- Data listing
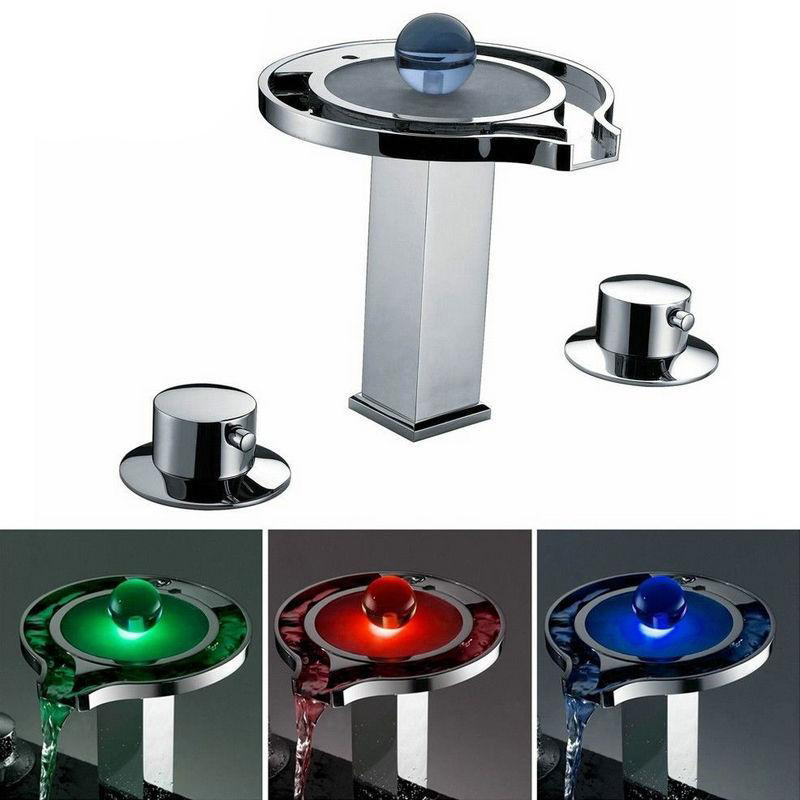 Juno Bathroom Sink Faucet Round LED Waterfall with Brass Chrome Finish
--
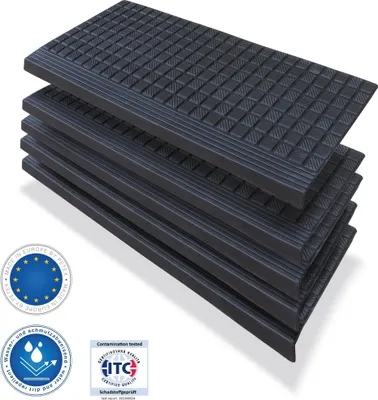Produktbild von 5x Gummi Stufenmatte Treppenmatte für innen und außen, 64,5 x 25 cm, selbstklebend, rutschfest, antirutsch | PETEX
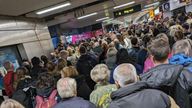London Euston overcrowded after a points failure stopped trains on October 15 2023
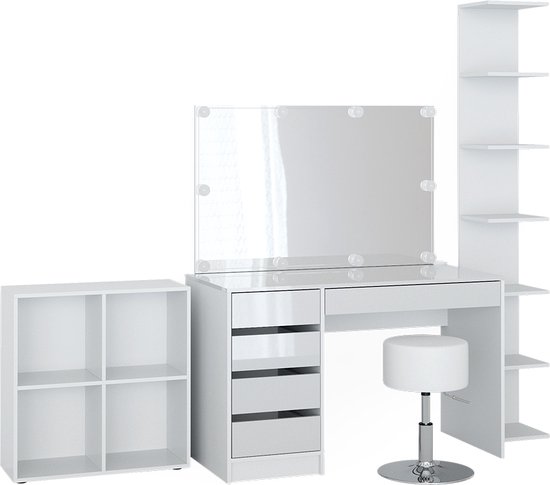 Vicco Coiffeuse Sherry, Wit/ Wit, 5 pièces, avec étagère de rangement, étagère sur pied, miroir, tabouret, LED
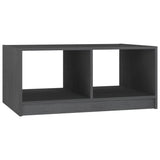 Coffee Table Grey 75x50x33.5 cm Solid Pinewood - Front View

- Activity
Copy the lines above exactly, starting at the one with "London Euston overcrowded" and ending at the one with "Coffee Table Grey", both included. Leave out any pictures and add nothing else.

- Expected answer
London Euston overcrowded after a points failure stopped trains on October 15 2023
 Vicco Coiffeuse Sherry, Wit/ Wit, 5 pièces, avec étagère de rangement, étagère sur pied, miroir, tabouret, LED
 Coffee Table Grey 75x50x33.5 cm Solid Pinewood - Front View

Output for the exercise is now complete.